## Given data:
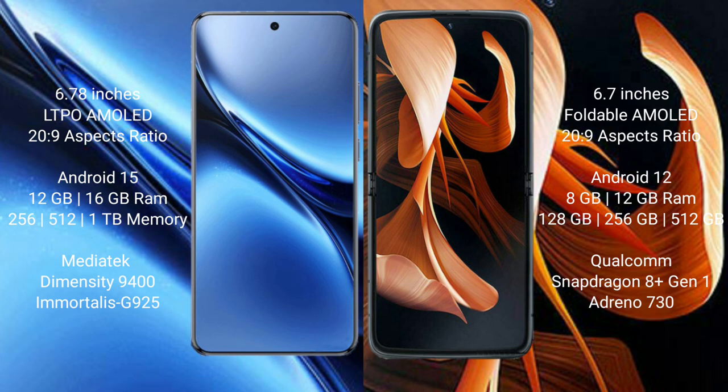The Vivo X200 Pro comes with 12GB or 16GB of RAM, and 256GB or 512GB of internal storage. It is powered by the MediaTek Dimensity 9400 processor.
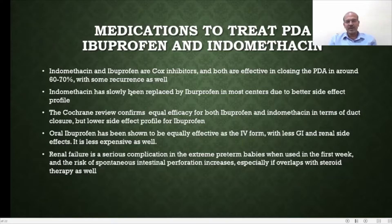Indomethacin used to have more renal toxicity and GI intolerance, and Ibuprofen was replacing it. The Cochrane review confirms the same: efficacy is similar but the side effect profile is better for Brufen. Oral Ibuprofen has been shown to be equally effective as the IV form with fewer side effects, and it is less expensive as well.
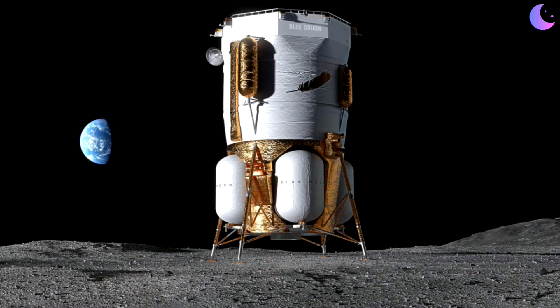The Blue Origin mission in question is the Pathfinder mission for its Mark 1 Blue Moon lunar lander. This is not a crewed lander — it will not have people on board. That's the Mark 2. Blue Origin has decided to self-fund a mission to the surface of the moon with its smaller Mark 1 Blue Moon.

## Task to carry out:
Your task is to return the lines above, from the first one up to and including the line containing "Indomethacin used to", minus any pictures.

## Response to this task:
The Vivo X200 Pro comes with 12GB or 16GB of RAM, and 256GB or 512GB of internal storage. It is powered by the MediaTek Dimensity 9400 processor.
Indomethacin used to have more renal toxicity and GI intolerance, and Ibuprofen was replacing it. The Cochrane review confirms the same: efficacy is similar but the side effect profile is better for Brufen. Oral Ibuprofen has been shown to be equally effective as the IV form with fewer side effects, and it is less expensive as well.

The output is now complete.